Looking back into the rising trend of cash transfers in the 2000s, we hardly forget the boom of ‘evidence-based-approach’. That happened almost the same time. Traditionally, researchers focused on the project impact while practitioners stressed the smooth process of project implementation. Cash transfer programmes bridged the awareness gap.
Without almost any exceptions, cash transfer programmes contain an impact evaluation component. The IE commonly adopts the randomised controlled trial (RCT). Then, the boom of RCT and CCT came. When the governments or development agencies like World Bank pilot a cash transfer programme, now it is usual to see the presence of universities or research institutes like the Abdul Latif Jameel Poverty Action Lab to assess the impact. The implementers would then scale up the programme once having the good evidence from the research results.
Evidence-based-approach had been certainly commonplace and nothing new for the research community as creating evidence was a life work for researchers. But as usual, the practitioners need some years or decades to digest a new idea, convince stubborn senior managements and finally implement it.

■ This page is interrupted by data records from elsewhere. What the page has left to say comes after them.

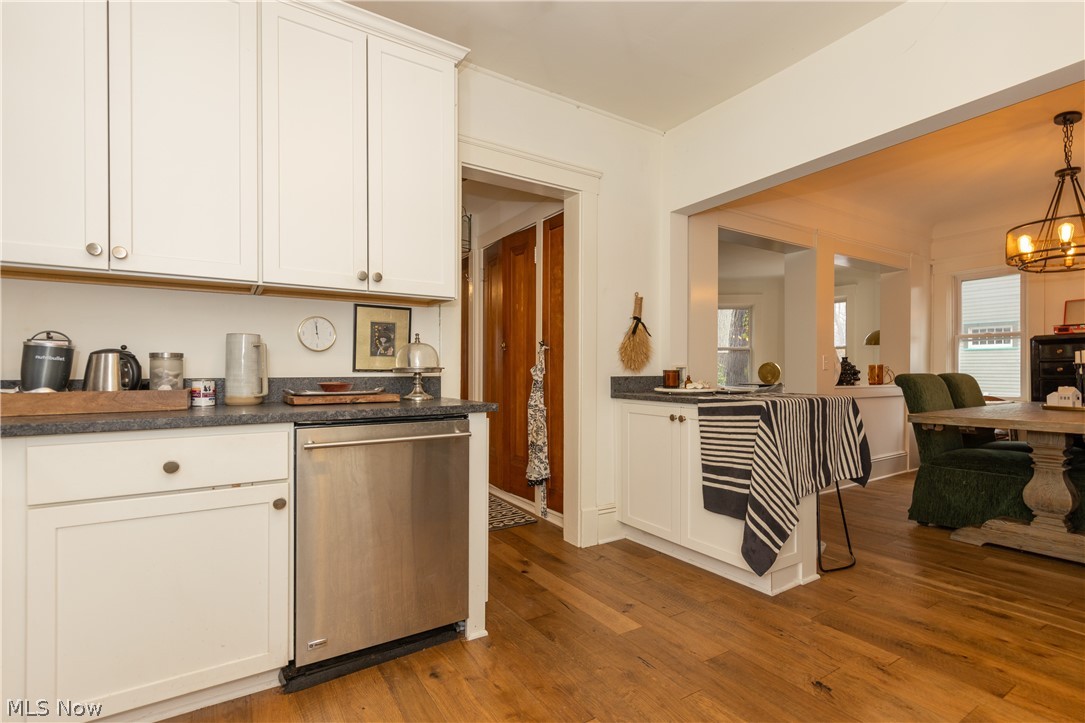 2922 Somerton Road Cleveland, OH 44118 - Photo 13 of 32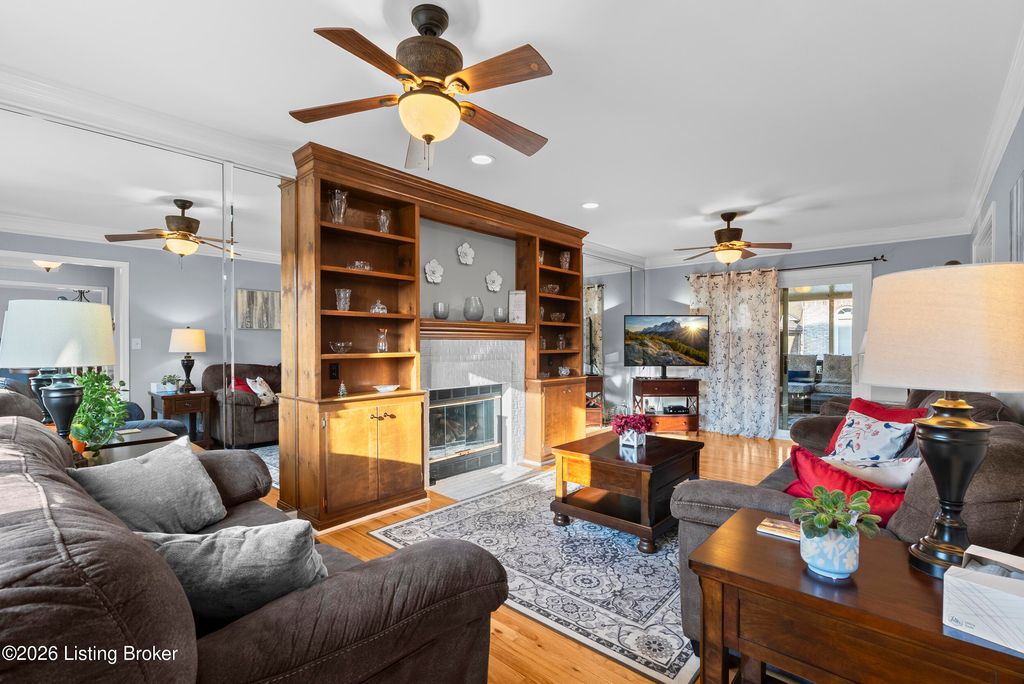 Photo of 7407 Eric Edward Way, Louisville, KY 40220 (MLS # 1705989)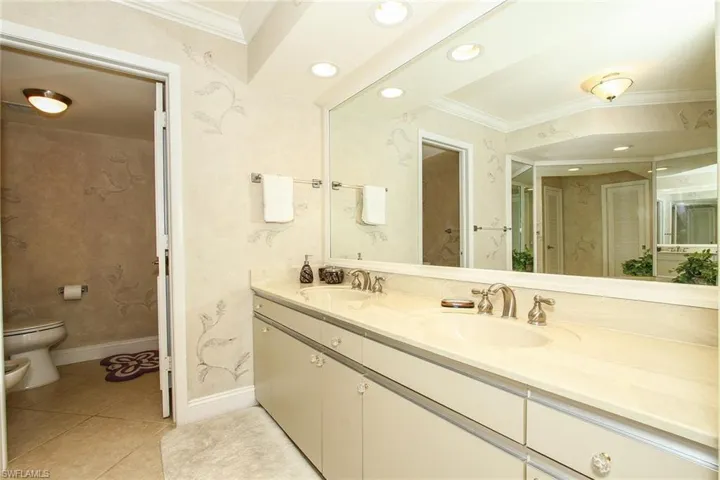 4401 Gulf Shore Blvd N E-908, Naples, Florida 34103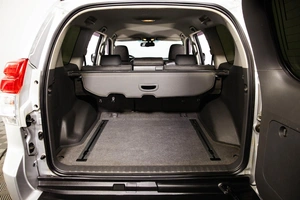 Внедорожник Toyota Land Cruiser Prado 2013 года, 3299000 рублей, Пермь
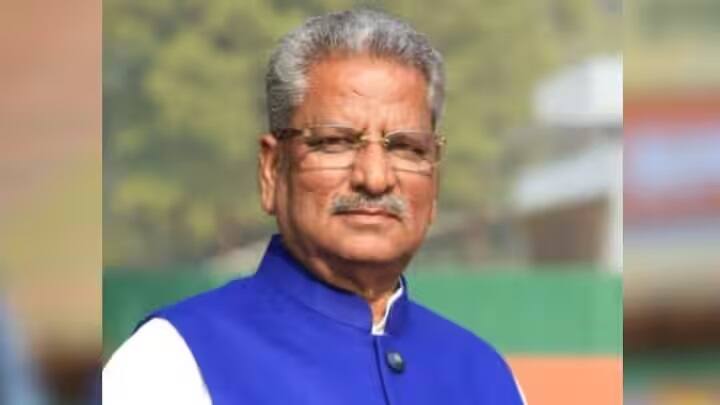 એવું માનવામાં આવે છે કે રાજસ્થાનના રાજ્યસભા સભ્ય અને ભૈરોનસિંહ શેખાવતના શિષ્ય ઓમ માથુર પણ ભાજપના રાષ્ટ્રીય અધ્યક્ષ બનવાની રેસમાં છે. માથુર તેમના ચહેરા પર સ્મિત સાથે તેમના શબ્દો કહેવા માટે જાણીતા છે. તેઓ આરએસએસના પ્રચારક રહ્યા છે અને પીએમ મોદીના ગૃહ રાજ્ય ગુજરાતના પ્રભારી પણ રહી ચૂક્યા છે.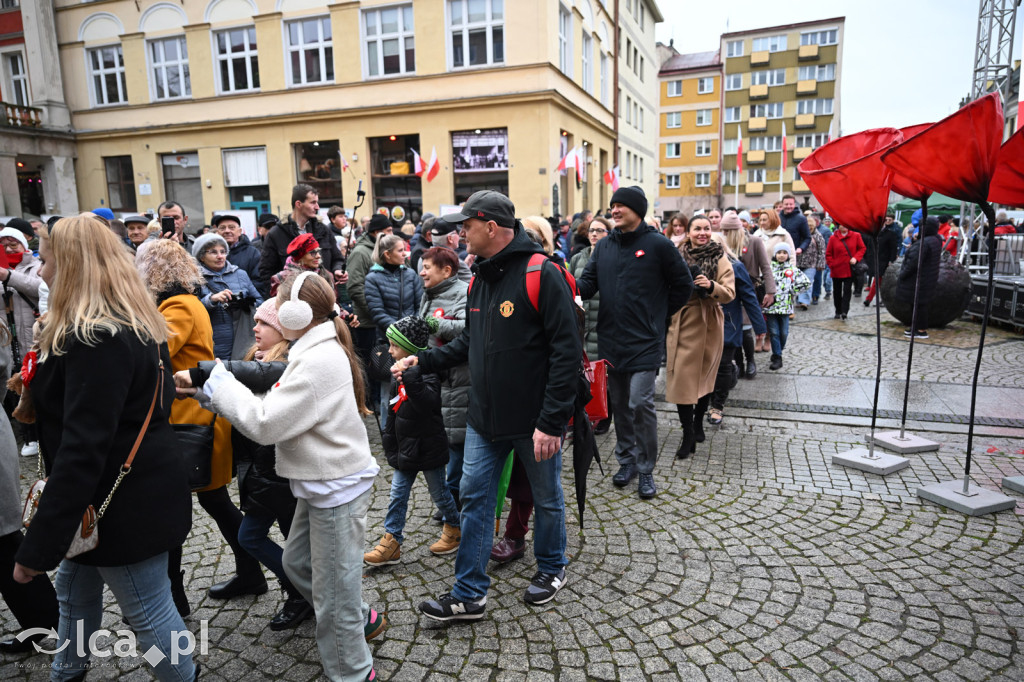 Legnica zatańczyła Poloneza dla Niepodległej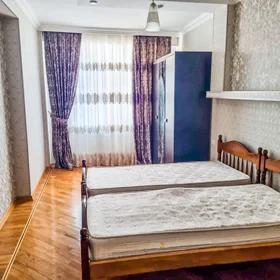 In Baku 135.0 m² apartment is for rent - Image 3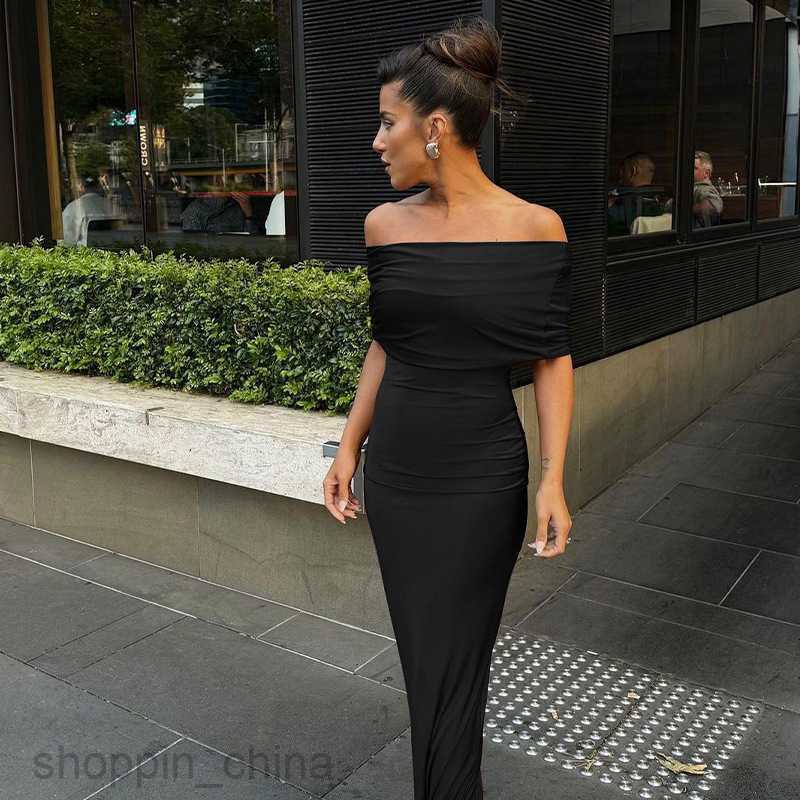 Basic Casual Dresses Women Women's Spring New One Shoulder Pleated Dress Slim Fit and Slim Split Bottom Dress for Women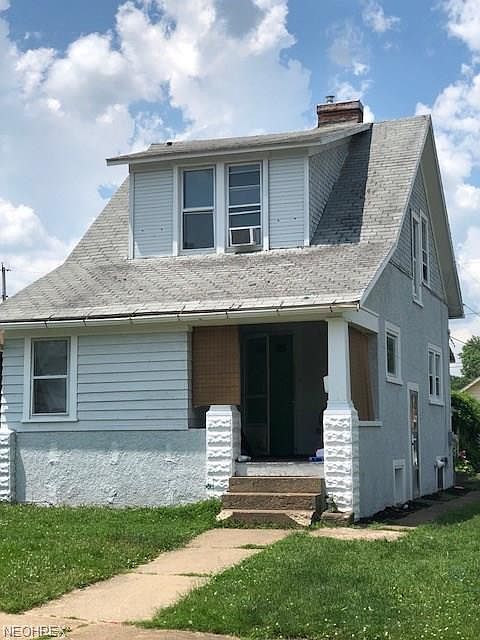 1st image of 136 12th St NE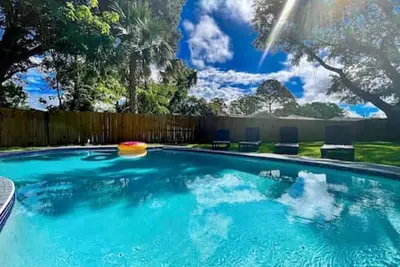 Image de 1504 E McBerry St · Beautiful 3br Tampa Home W/ Pool And Pool Table!
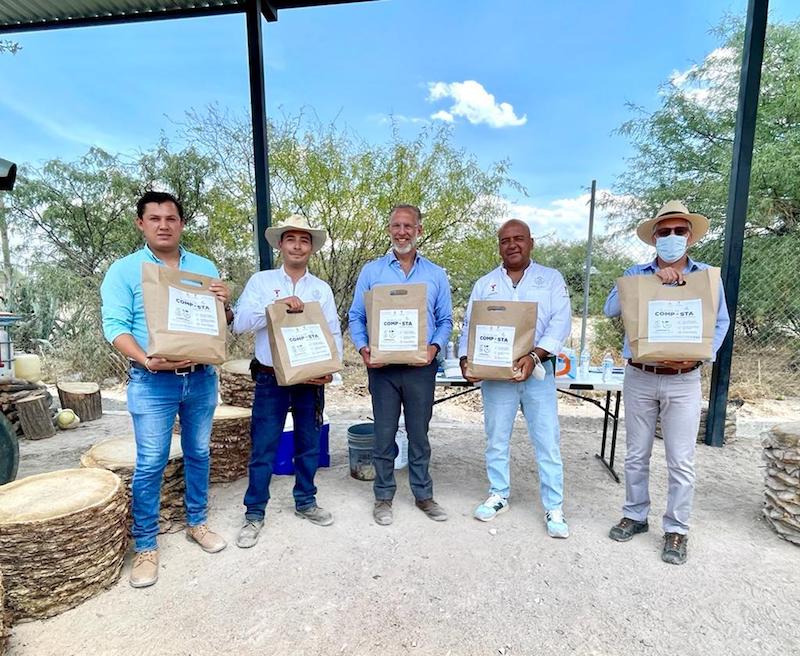 Relleno sanitario se convierte en planta de composta en Tequisquiapan.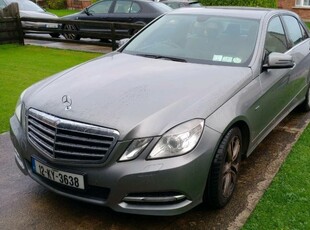 2012 - Mercedes-Benz E-Class Manual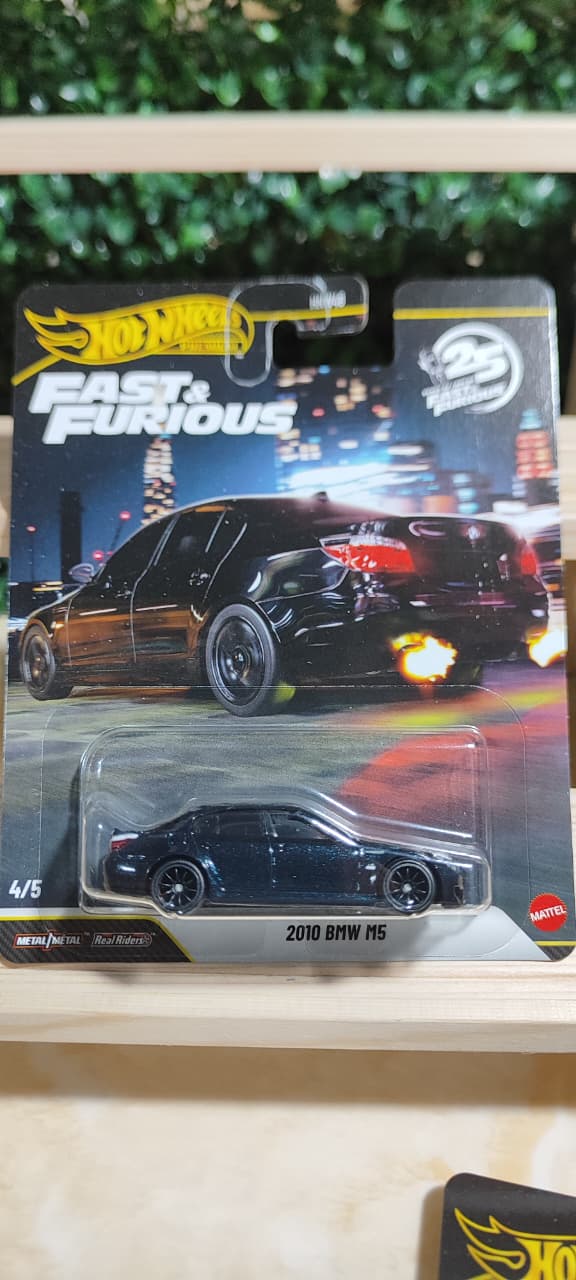 2010 BMW M5 Rapidos y Furiosos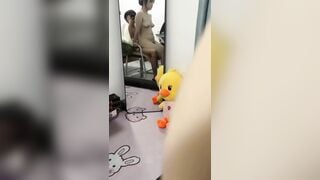 Chị Gái Giúp Em Trai Biết Cảm Giác Được Địt Gái Nó Như Nào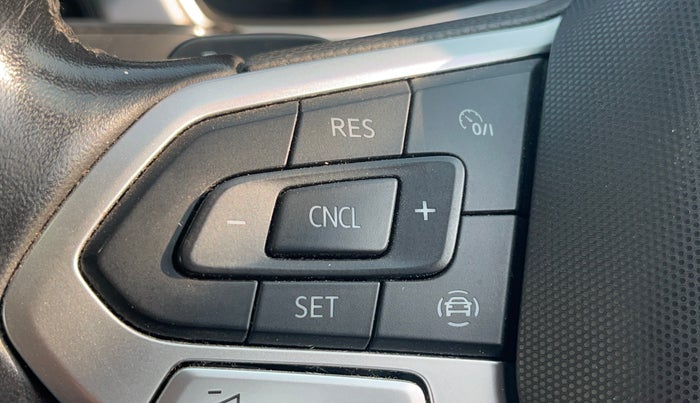 2022 Volkswagen TAIGUN TOPLINE 1.0 TSI AT, Petrol, Automatic, 88,974 km, Adaptive Cruise Control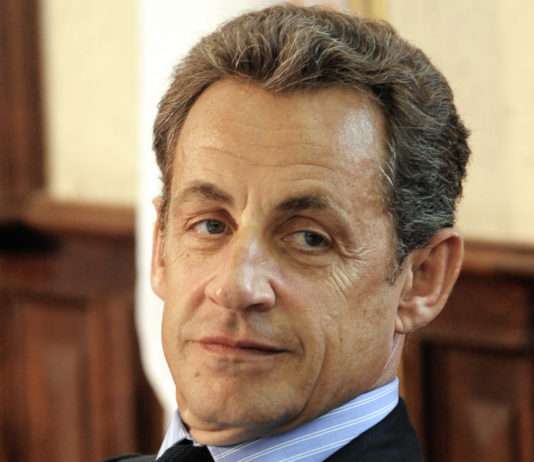 Suche nach einem neuen Premierminister: Macron bespricht sich mit Ex-Präsident Sarkozy Nicolas-Sarkozy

Now the time has come with RCT and cash transfers.
Do cash transfers marry researchers to practitioners? Yes, they do. We are sure that the rising approach will lead poverty reduction policies in this decade. What researchers need to do is to understand the practitioners demands and find the research gap within social protection or cash transfers. What practitioners need to do is to use evidence to design policies and implement programmes with higher impacts.